START Records

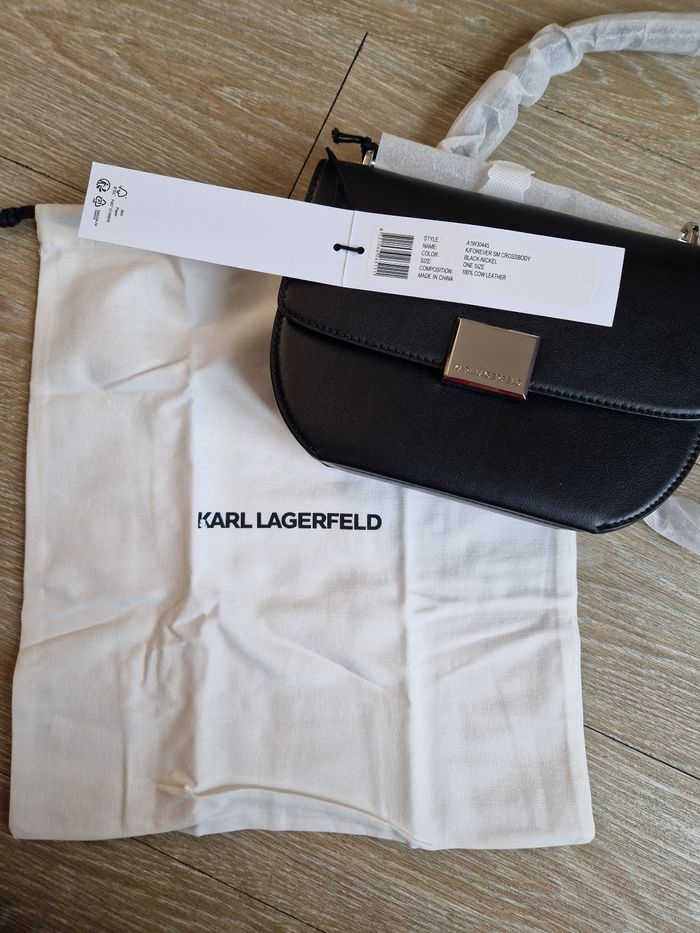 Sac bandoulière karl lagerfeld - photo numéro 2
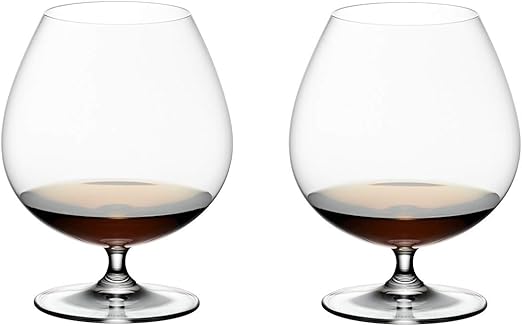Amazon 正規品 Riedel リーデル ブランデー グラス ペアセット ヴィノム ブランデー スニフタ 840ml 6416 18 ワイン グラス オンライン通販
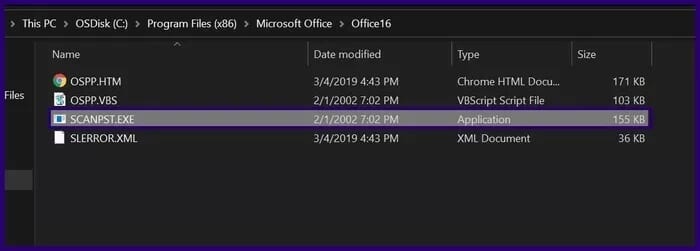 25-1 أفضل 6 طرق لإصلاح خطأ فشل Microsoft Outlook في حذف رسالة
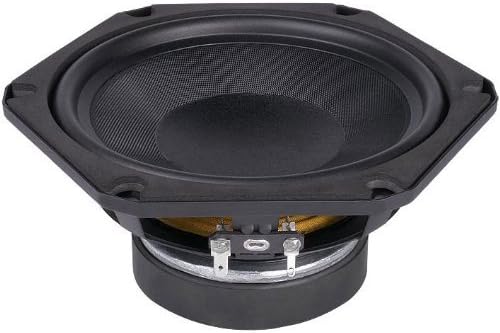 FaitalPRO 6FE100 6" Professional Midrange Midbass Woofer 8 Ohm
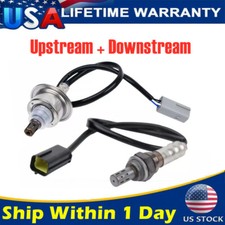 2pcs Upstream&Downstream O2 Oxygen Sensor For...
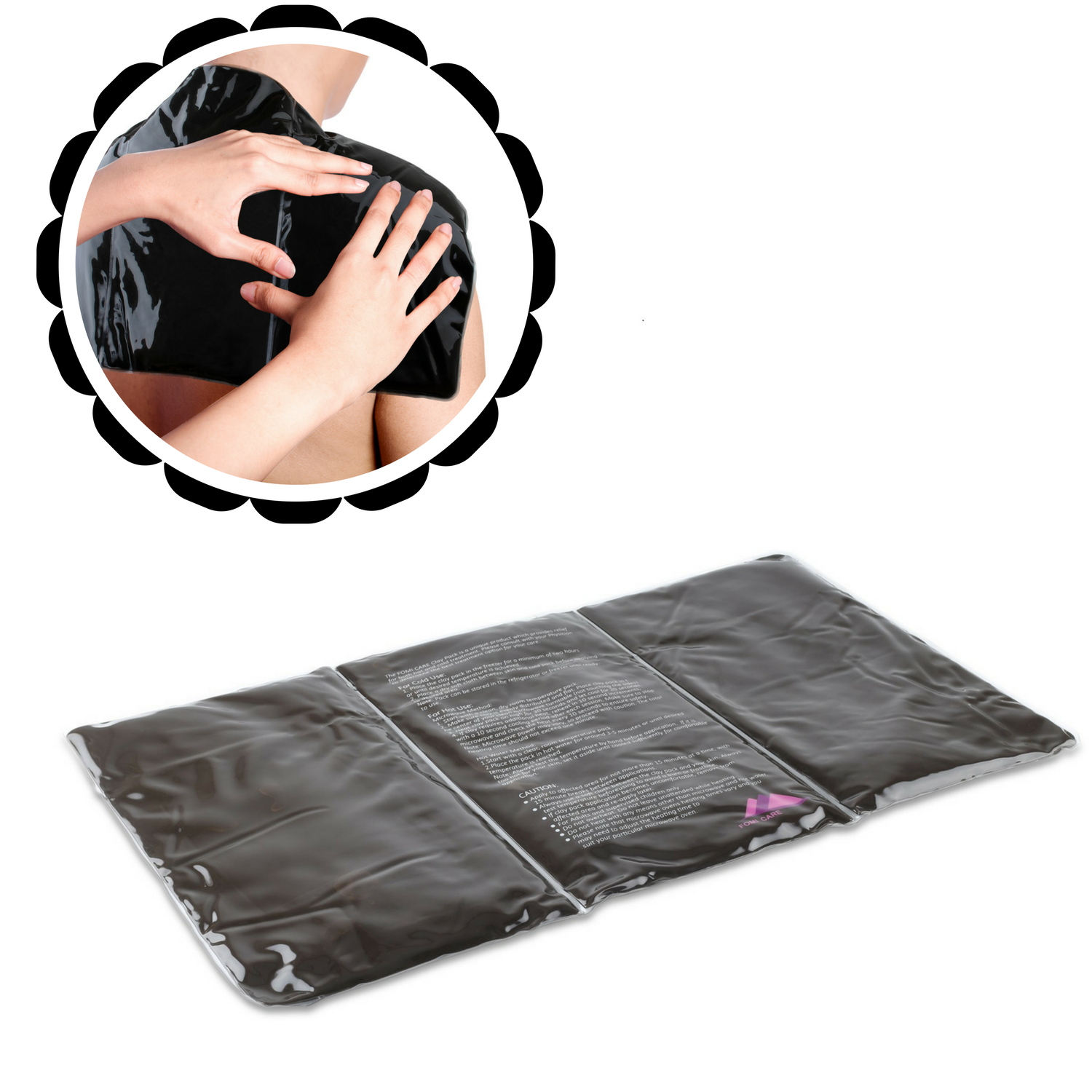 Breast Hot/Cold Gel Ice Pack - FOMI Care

END Records
START Records

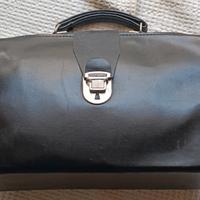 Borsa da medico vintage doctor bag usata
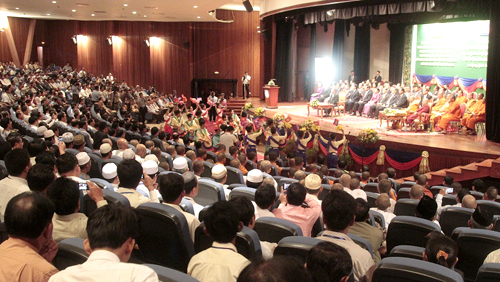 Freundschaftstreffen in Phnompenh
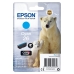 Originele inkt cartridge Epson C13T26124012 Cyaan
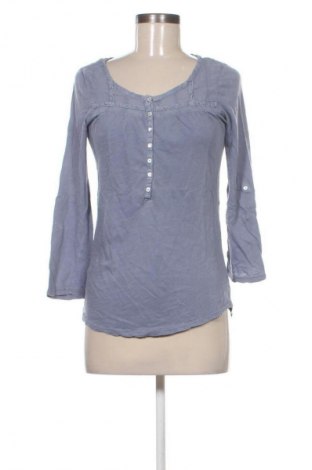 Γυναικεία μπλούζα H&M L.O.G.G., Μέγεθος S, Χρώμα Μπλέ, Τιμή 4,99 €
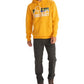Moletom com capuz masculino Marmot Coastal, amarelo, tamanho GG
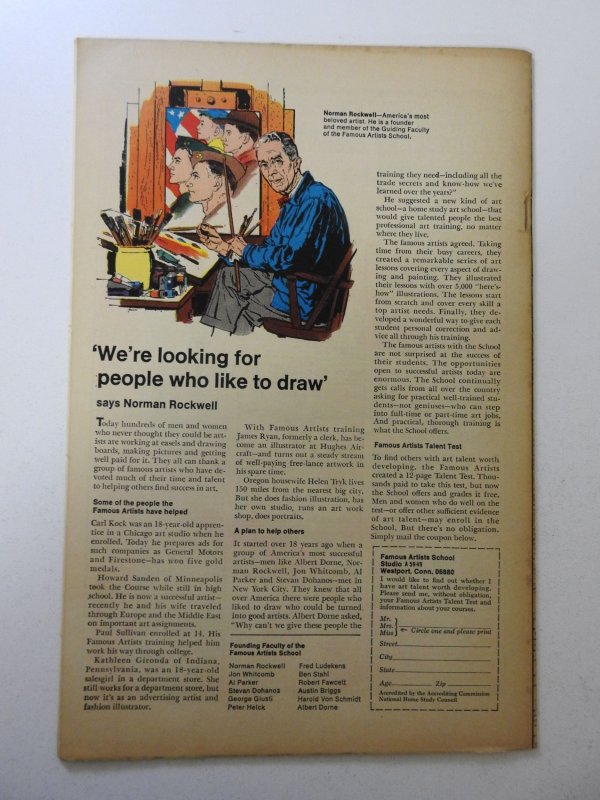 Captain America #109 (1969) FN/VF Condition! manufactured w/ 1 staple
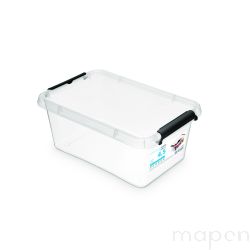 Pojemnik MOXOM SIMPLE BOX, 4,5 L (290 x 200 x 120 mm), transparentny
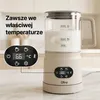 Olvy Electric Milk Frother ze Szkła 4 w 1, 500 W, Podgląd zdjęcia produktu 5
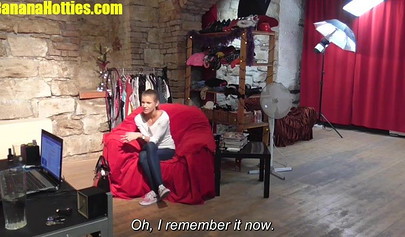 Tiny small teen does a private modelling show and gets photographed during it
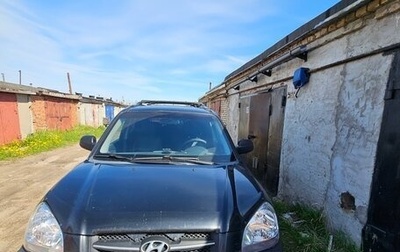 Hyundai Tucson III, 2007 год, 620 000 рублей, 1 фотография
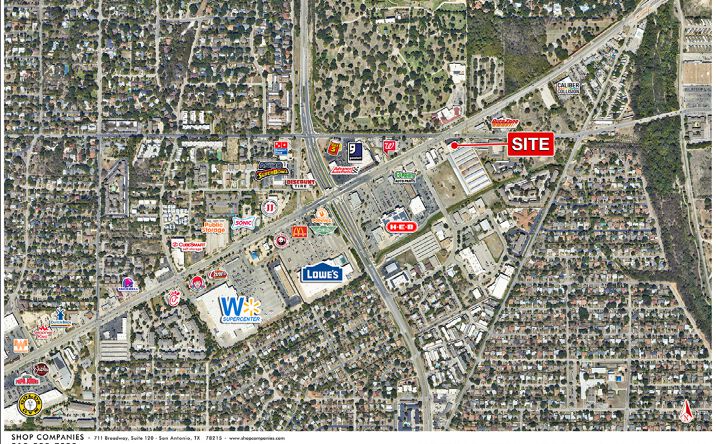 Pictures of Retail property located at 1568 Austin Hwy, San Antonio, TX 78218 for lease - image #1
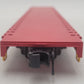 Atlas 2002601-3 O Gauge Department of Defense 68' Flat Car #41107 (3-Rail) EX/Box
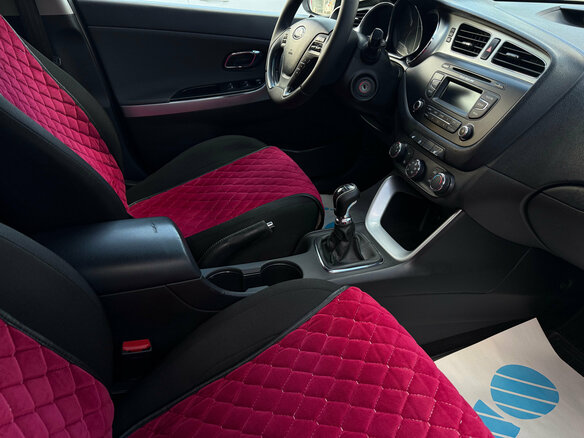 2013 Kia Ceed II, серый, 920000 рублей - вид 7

END Records

• _Work request_
The response must repeat exactly the lines above from the one with "Sac bandoulière karl" through the one with "Breast Hot/Cold Gel Ice Pack - FOMI Care", including both, and must contain no pictures and no other text.

• _Final answer_
 Sac bandoulière karl lagerfeld - photo numéro 2
Amazon 正規品 Riedel リーデル ブランデー グラス ペアセット ヴィノム ブランデー スニフタ 840ml 6416 18 ワイン グラス オンライン通販
 25-1 أفضل 6 طرق لإصلاح خطأ فشل Microsoft Outlook في حذف رسالة
 FaitalPRO 6FE100 6" Professional Midrange Midbass Woofer 8 Ohm
 2pcs Upstream&Downstream O2 Oxygen Sensor For...
 Breast Hot/Cold Gel Ice Pack - FOMI Care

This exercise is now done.